▲ Kick
▲ Snare
▲ Hi-hat
▲ Tom
▲ Bass Drum
▲ Drum samples are generated by the conditional WGAN with gradient penalty (WGAN-GP), which directly generates one-dimensional time waveforms. iZotope's BreakTweaker drum samples, which are royalty-free, were used as a dataset for training.
▲ Continuous morphing of the generated audio sample according to the continuous change (linear interpolation) in the latent vector space. For this demo, a WGAN-GP which generates two-dimensional spectrograms was used. The generated spectrograms were converted into waveforms using the Griffin-Lim algorithm. NSynth dataset was used for training.
code: https://github.com/soohyun123/Drums-sample-generator-using-conditional-GAN
▲ The code is based on Librosa and PyTorch libraries.
This research project was proposed in May 2018, and selected for the Undergraduate Research Program (URP) of Korea Advanced Institute of Science and Technology (KAIST) with financial support.
It was 2018 when GAN was still quite a brand-new thing. After this project, I went for Korean military serivce until 2021.
This research proceeded through two phases:
At first, from June 2018 to December 2018, I tested the method in which spectrograms were generated by WGAN-GP and then were converted into waveforms using the Griffin-Lim algorithm.

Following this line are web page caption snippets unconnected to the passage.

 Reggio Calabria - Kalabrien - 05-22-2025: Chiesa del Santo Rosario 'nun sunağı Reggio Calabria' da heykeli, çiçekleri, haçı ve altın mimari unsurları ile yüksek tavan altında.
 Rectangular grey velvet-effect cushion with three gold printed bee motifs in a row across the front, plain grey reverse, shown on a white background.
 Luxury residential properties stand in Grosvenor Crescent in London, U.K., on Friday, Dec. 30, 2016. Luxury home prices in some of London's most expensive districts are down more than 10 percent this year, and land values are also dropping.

Inspired by the success of GAN in the image domain, I tried generating spectrograms with GAN since spectrograms are also two-dimensional images. I first tried a vanilla DCGAN architecture with binary cross-entropy (BCE) loss for training, but it did not work. Then I found out that using WGAN-GP is essential for successful training when the size of images is as large as 128x128. (But, as of 2021, there are generative models capable of generating much larger images with high fidelity.) NSynth dataset was used for training.

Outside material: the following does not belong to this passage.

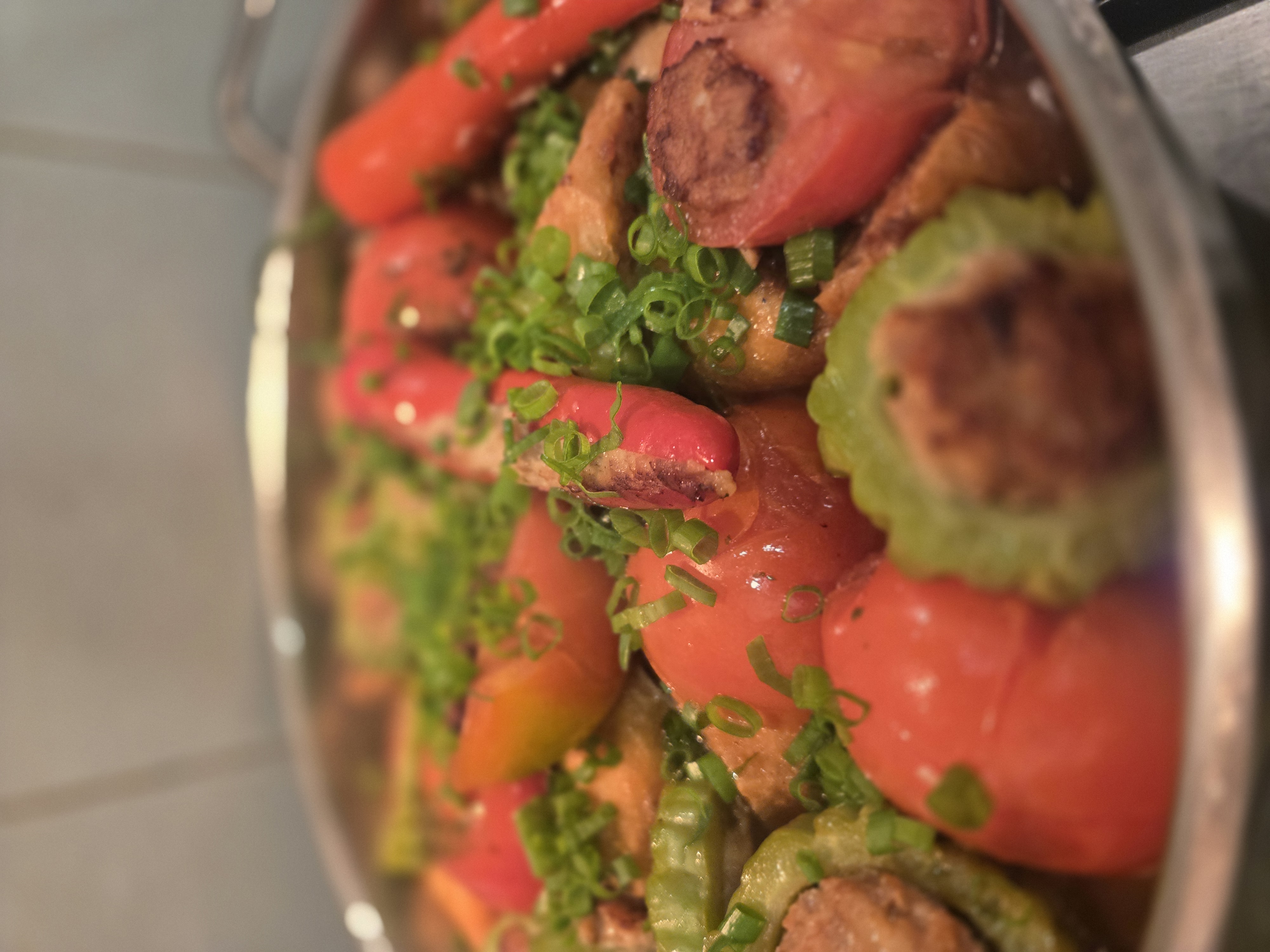 Finished yong tau foo: golden-seared stuffed vegetables in a clear braising stock with spring onion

I also examined if a continuous change of a latent vector results in a continuous morphing of the output sound; I could hear that the output sound changed continuously according to the continuous change between two latent vectors.

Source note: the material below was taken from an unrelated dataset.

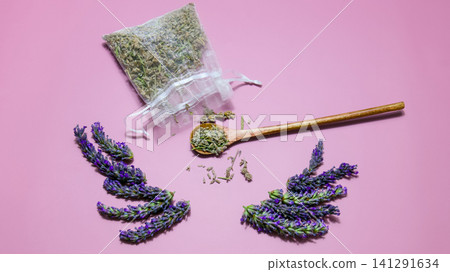 lavender flower in a wooden spoon 141291634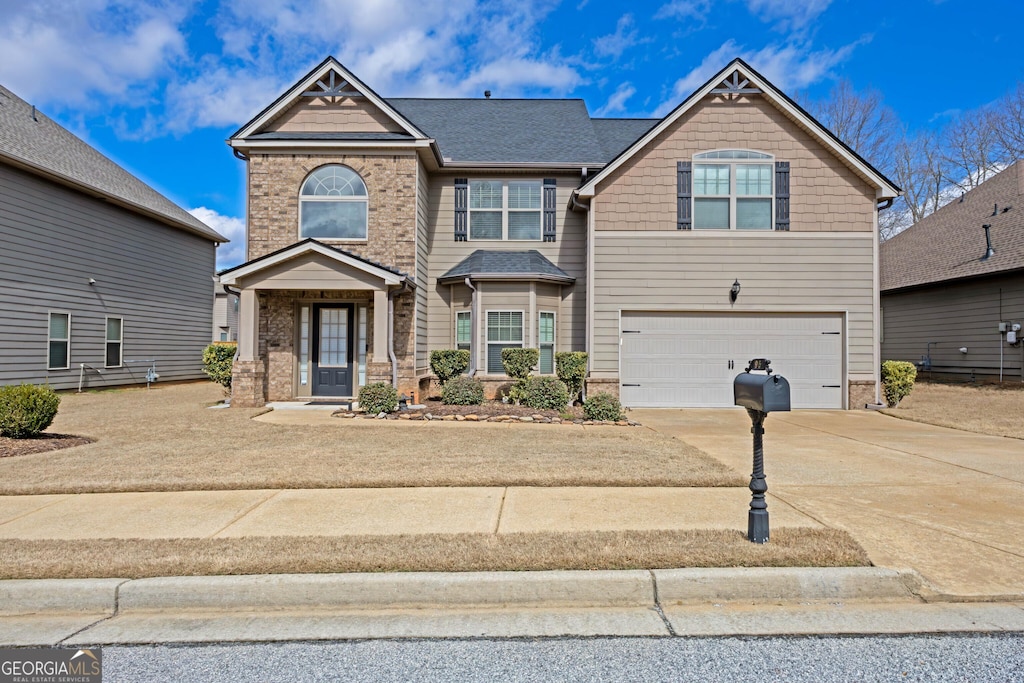 craftsman-style home featuring a garage, concrete driveway, brick siding, and roof with shingles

▲ Training of the spectrogram WGAN-GP
During this period, Chris Donahue et al. (2019) released the preprint of their paper on audio generation with GAN, which included the range that my project dealt with. The authors called the method that I tested 'SpecGAN'. They also tested 'WaveGAN', which directly generates one-dimensional time waveforms. And their results showed that WaveGAN is better than SpecGAN in terms of sound quality.
Hence, from January 2019 to February 2019, I also tested the so-called WaveGAN method by modifying my so-called SpecGAN method. And I also added a conditional input feature using one-hot encoding. iZotope's BreakTweaker drum samples were used as a dataset for training, and a conditional input indicated which part of a drum-set (e.g. kick, snare, hi-hat, etc.) each audio sample corresponded.
Later Jesse Engel et al. (2019) improved the fidelity and frequency resolution of audio generation with GAN by generating instantaneous frequency spectra together with log-magnitude spectrograms to provide coherent phase information.